▶ **Exercise prompt**:
Transcribe all of the listing exactly.
+++++
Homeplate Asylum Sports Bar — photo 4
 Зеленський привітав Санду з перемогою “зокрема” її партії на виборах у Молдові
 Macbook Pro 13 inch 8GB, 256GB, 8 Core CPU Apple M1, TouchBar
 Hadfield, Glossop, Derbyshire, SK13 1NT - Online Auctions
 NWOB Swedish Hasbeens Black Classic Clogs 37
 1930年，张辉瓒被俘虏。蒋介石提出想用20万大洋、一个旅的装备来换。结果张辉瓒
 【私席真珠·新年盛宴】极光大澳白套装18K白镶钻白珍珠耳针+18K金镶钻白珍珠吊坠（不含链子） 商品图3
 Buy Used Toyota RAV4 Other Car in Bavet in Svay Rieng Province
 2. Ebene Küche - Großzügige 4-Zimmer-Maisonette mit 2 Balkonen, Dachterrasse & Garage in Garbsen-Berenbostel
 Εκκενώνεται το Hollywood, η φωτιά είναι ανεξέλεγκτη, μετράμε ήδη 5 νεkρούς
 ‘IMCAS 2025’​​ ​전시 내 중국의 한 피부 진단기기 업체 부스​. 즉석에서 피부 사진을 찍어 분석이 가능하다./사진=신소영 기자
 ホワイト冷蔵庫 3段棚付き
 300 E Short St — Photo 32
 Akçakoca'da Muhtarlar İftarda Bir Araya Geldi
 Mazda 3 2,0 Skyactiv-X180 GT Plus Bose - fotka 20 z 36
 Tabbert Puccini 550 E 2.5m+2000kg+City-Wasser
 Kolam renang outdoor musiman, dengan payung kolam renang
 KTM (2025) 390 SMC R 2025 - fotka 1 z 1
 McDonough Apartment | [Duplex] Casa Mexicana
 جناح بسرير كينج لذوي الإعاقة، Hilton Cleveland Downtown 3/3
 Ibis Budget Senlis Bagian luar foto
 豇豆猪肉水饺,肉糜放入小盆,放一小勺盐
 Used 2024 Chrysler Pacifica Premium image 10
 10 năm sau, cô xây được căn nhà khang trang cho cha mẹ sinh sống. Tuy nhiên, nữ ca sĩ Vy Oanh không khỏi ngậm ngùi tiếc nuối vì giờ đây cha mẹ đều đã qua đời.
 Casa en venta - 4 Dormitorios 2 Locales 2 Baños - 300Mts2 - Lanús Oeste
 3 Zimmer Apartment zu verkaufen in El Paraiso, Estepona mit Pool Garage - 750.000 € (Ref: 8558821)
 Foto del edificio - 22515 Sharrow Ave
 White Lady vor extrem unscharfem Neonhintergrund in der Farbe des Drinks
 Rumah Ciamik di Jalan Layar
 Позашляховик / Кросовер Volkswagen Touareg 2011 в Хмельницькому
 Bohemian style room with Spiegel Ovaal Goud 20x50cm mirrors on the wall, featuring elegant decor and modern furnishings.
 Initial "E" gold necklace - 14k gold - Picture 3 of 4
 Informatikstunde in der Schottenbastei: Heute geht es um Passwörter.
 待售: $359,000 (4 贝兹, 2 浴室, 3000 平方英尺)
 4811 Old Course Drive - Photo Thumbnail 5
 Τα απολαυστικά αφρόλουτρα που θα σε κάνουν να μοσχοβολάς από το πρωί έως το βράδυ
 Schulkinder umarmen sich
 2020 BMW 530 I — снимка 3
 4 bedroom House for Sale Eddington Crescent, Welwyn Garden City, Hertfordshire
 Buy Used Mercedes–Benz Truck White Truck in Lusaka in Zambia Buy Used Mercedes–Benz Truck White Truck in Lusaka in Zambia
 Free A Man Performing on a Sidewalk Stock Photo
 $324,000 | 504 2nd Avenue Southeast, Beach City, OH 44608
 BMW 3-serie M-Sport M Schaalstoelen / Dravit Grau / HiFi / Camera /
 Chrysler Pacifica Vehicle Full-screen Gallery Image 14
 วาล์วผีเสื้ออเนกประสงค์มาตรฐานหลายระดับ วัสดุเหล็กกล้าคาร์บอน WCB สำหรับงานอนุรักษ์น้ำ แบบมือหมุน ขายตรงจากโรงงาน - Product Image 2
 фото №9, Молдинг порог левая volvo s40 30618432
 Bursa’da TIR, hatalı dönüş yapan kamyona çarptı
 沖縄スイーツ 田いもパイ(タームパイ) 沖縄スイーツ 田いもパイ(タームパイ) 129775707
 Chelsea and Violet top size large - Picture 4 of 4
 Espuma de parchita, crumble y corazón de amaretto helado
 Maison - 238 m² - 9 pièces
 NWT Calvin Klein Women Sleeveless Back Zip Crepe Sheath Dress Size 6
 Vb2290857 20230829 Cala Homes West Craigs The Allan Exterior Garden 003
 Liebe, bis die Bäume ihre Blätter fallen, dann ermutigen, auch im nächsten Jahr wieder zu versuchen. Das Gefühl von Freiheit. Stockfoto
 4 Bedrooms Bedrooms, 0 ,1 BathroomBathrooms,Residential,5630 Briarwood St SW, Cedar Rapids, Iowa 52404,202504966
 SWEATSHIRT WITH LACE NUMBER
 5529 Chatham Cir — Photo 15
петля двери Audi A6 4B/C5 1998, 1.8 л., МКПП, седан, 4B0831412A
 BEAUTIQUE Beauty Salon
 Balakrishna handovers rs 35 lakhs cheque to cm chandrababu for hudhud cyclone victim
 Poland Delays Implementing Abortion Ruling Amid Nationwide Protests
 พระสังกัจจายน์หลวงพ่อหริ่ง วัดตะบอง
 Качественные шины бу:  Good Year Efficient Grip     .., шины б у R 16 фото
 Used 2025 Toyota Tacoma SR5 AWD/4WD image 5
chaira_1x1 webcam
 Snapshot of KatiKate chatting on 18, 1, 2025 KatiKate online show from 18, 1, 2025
+++++
▶ **Solution to this task**:
Homeplate Asylum Sports Bar — photo 4
 Зеленський привітав Санду з перемогою “зокрема” її партії на виборах у Молдові
 Macbook Pro 13 inch 8GB, 256GB, 8 Core CPU Apple M1, TouchBar
 Hadfield, Glossop, Derbyshire, SK13 1NT - Online Auctions
 NWOB Swedish Hasbeens Black Classic Clogs 37
 1930年，张辉瓒被俘虏。蒋介石提出想用20万大洋、一个旅的装备来换。结果张辉瓒
 【私席真珠·新年盛宴】极光大澳白套装18K白镶钻白珍珠耳针+18K金镶钻白珍珠吊坠（不含链子） 商品图3
 Buy Used Toyota RAV4 Other Car in Bavet in Svay Rieng Province
 2. Ebene Küche - Großzügige 4-Zimmer-Maisonette mit 2 Balkonen, Dachterrasse & Garage in Garbsen-Berenbostel
 Εκκενώνεται το Hollywood, η φωτιά είναι ανεξέλεγκτη, μετράμε ήδη 5 νεkρούς
 ‘IMCAS 2025’​​ ​전시 내 중국의 한 피부 진단기기 업체 부스​. 즉석에서 피부 사진을 찍어 분석이 가능하다./사진=신소영 기자
 ホワイト冷蔵庫 3段棚付き
 300 E Short St — Photo 32
 Akçakoca'da Muhtarlar İftarda Bir Araya Geldi
 Mazda 3 2,0 Skyactiv-X180 GT Plus Bose - fotka 20 z 36
 Tabbert Puccini 550 E 2.5m+2000kg+City-Wasser
 Kolam renang outdoor musiman, dengan payung kolam renang
 KTM (2025) 390 SMC R 2025 - fotka 1 z 1
 McDonough Apartment | [Duplex] Casa Mexicana
 جناح بسرير كينج لذوي الإعاقة، Hilton Cleveland Downtown 3/3
 Ibis Budget Senlis Bagian luar foto
 豇豆猪肉水饺,肉糜放入小盆,放一小勺盐
 Used 2024 Chrysler Pacifica Premium image 10
 10 năm sau, cô xây được căn nhà khang trang cho cha mẹ sinh sống. Tuy nhiên, nữ ca sĩ Vy Oanh không khỏi ngậm ngùi tiếc nuối vì giờ đây cha mẹ đều đã qua đời.
 Casa en venta - 4 Dormitorios 2 Locales 2 Baños - 300Mts2 - Lanús Oeste
 3 Zimmer Apartment zu verkaufen in El Paraiso, Estepona mit Pool Garage - 750.000 € (Ref: 8558821)
 Foto del edificio - 22515 Sharrow Ave
 White Lady vor extrem unscharfem Neonhintergrund in der Farbe des Drinks
 Rumah Ciamik di Jalan Layar
 Позашляховик / Кросовер Volkswagen Touareg 2011 в Хмельницькому
 Bohemian style room with Spiegel Ovaal Goud 20x50cm mirrors on the wall, featuring elegant decor and modern furnishings.
 Initial "E" gold necklace - 14k gold - Picture 3 of 4
 Informatikstunde in der Schottenbastei: Heute geht es um Passwörter.
 待售: $359,000 (4 贝兹, 2 浴室, 3000 平方英尺)
 4811 Old Course Drive - Photo Thumbnail 5
 Τα απολαυστικά αφρόλουτρα που θα σε κάνουν να μοσχοβολάς από το πρωί έως το βράδυ
 Schulkinder umarmen sich
 2020 BMW 530 I — снимка 3
 4 bedroom House for Sale Eddington Crescent, Welwyn Garden City, Hertfordshire
 Buy Used Mercedes–Benz Truck White Truck in Lusaka in Zambia Buy Used Mercedes–Benz Truck White Truck in Lusaka in Zambia
 Free A Man Performing on a Sidewalk Stock Photo
 $324,000 | 504 2nd Avenue Southeast, Beach City, OH 44608
 BMW 3-serie M-Sport M Schaalstoelen / Dravit Grau / HiFi / Camera /
 Chrysler Pacifica Vehicle Full-screen Gallery Image 14
 วาล์วผีเสื้ออเนกประสงค์มาตรฐานหลายระดับ วัสดุเหล็กกล้าคาร์บอน WCB สำหรับงานอนุรักษ์น้ำ แบบมือหมุน ขายตรงจากโรงงาน - Product Image 2
 фото №9, Молдинг порог левая volvo s40 30618432
 Bursa’da TIR, hatalı dönüş yapan kamyona çarptı
 沖縄スイーツ 田いもパイ(タームパイ) 沖縄スイーツ 田いもパイ(タームパイ) 129775707
 Chelsea and Violet top size large - Picture 4 of 4
 Espuma de parchita, crumble y corazón de amaretto helado
 Maison - 238 m² - 9 pièces
 NWT Calvin Klein Women Sleeveless Back Zip Crepe Sheath Dress Size 6
 Vb2290857 20230829 Cala Homes West Craigs The Allan Exterior Garden 003
 Liebe, bis die Bäume ihre Blätter fallen, dann ermutigen, auch im nächsten Jahr wieder zu versuchen. Das Gefühl von Freiheit. Stockfoto
 4 Bedrooms Bedrooms, 0 ,1 BathroomBathrooms,Residential,5630 Briarwood St SW, Cedar Rapids, Iowa 52404,202504966
 SWEATSHIRT WITH LACE NUMBER
 5529 Chatham Cir — Photo 15
петля двери Audi A6 4B/C5 1998, 1.8 л., МКПП, седан, 4B0831412A
 BEAUTIQUE Beauty Salon
 Balakrishna handovers rs 35 lakhs cheque to cm chandrababu for hudhud cyclone victim
 Poland Delays Implementing Abortion Ruling Amid Nationwide Protests
 พระสังกัจจายน์หลวงพ่อหริ่ง วัดตะบอง
 Качественные шины бу:  Good Year Efficient Grip     .., шины б у R 16 фото
 Used 2025 Toyota Tacoma SR5 AWD/4WD image 5
chaira_1x1 webcam
 Snapshot of KatiKate chatting on 18, 1, 2025 KatiKate online show from 18, 1, 2025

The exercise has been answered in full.